Threatened species are native plants and animals that are under threat of extinction. Their numbers in the wild have dropped to low levels. There may not be enough individuals of a species to breed and naturally increase the population to a level that is self-sustaining, or they may have such a limited range that a natural disaster could wipe out them out. Without human intervention it is likely such species will become extinct.
While a low rate of extinctions is natural, the current rate of human-induced extinctions is much higher.
The main human activities to blame are:
New Zealand’s plants and animals evolved in isolation for millions of years. Many are found nowhere else, and have unique features. Free of predatory land mammals, a number of birds became flightless and ground-dwelling.
When humans arrived they made major changes to the environment of native species – changes that continue today. Many native species had no evolved defences against the predators introduced by humans (for example rats, which ate the eggs and chicks of flightless birds).
Birds are the most significant vertebrate life in New Zealand. It was only natural that in the early days of conservation, they were the focus – many species had become extinct and others were declining. In the 1970s, saving the Chatham Island robin, reduced to seven individual birds (and just two females), paved the way for rescuing other threatened birds.

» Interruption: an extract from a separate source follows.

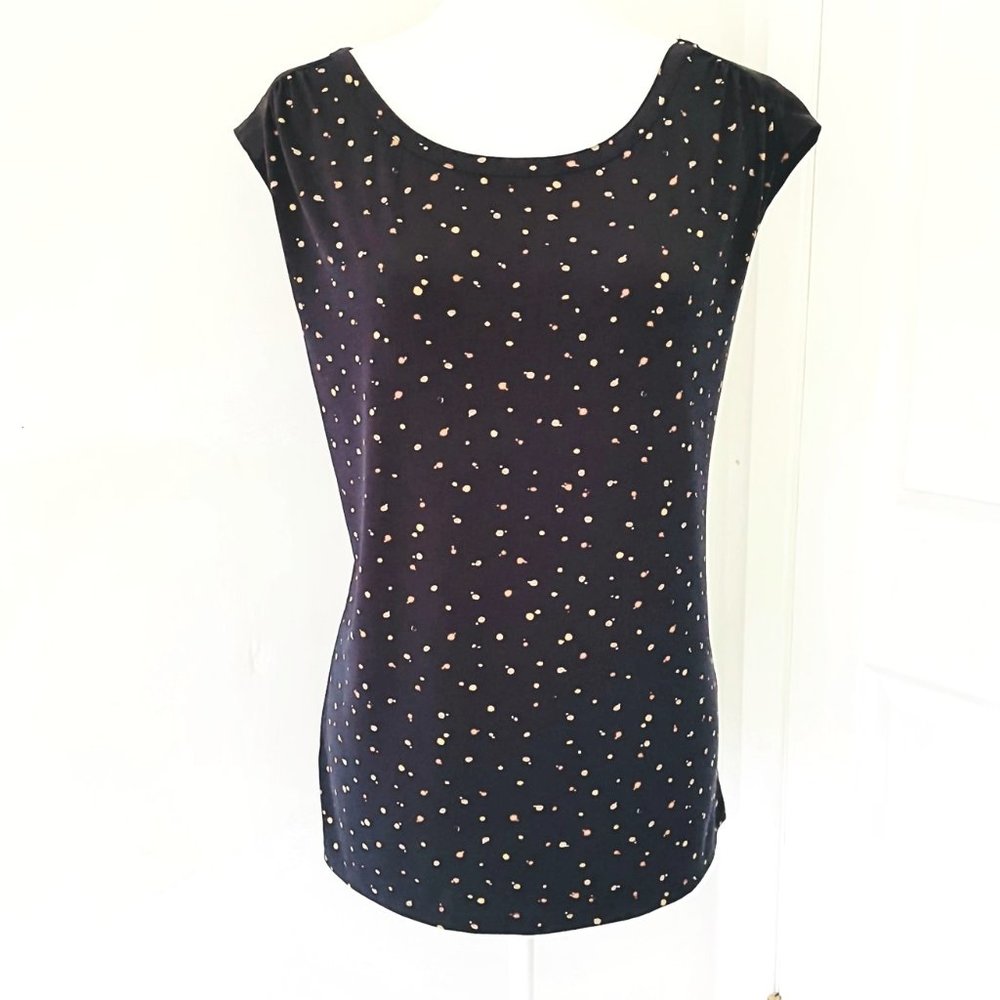 THE LIMITED Navy Blue Sleeveless Print Blouse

Since the late 1990s there has been a move to save species that are less visible, such as freshwater fish. The remaining habitats of many animals (for example, the Canterbury mudfish) are on private land, and it is only through the goodwill of landowners that they are not destroyed.
There has also been a shift from saving single species to restoring entire habitats. Poisoning introduced predators such as possums and rats on islands gives protection to many life forms. Birds, plants and insects all benefit when predators and browsers are removed.
Some of New Zealand’s threatened native plants may always have been quite rare, or their habitats may not have been large. Many grow in open sites such as bush fringes, coastal cliffs, terraces, dunelands and wetlands. Often these habitats are on private land, much of which has been developed into farmland.
Red-flowering kākā beak (Clianthus puniceus) is cultivated in many gardens, but is nearly extinct in the wild. A 2006 survey found just 154 wild plants growing in fewer than 20 sites.
Saving threatened plant species has largely been the domain of enthusiastic botanists and plant breeders who have collected seeds and cuttings, and propagated plants in nurseries. In the 1990s, regional councils started collecting seed from local plants, rearing seedlings and encouraging people to grow them in their gardens.
While some species may be saved in the short term, they risk becoming ‘zombie species’ – plants that are extinct in their natural habitats, and live on only in gardens where they are cultivated. It is important that viable wild populations are also saved.
Threatened plants have not been top of the conservation list, and since 1840, six species have become extinct. It can be hard to attract funding for a low-growing herb, but easy for more attractive plants – Project Crimson raises private funding to help protect the large, scarlet-flowering rātā and pōhutukawa trees.
In 2003 the New Zealand Plant Conservation Network was set up to stop further loss of native plants.
The International Union for the Conservation of Nature has a ranking system for threatened species. Many countries also have their own systems.
In 2002, conservationists created a New Zealand-specific system for classifying threatened species. It can be used for all New Zealand life forms, including marine species. The ranking depends on conservation status, threats to survival, whether they are endemic, vulnerability and cultural importance. There are eight rankings, from the most to the least threatened:
New Zealand has one of the highest rates of threatened native species in the world. For example, 34% of plants are considered to be at some level of risk, and 37% of the 215 native birds are listed as threatened by the International Union for the Conservation of Nature.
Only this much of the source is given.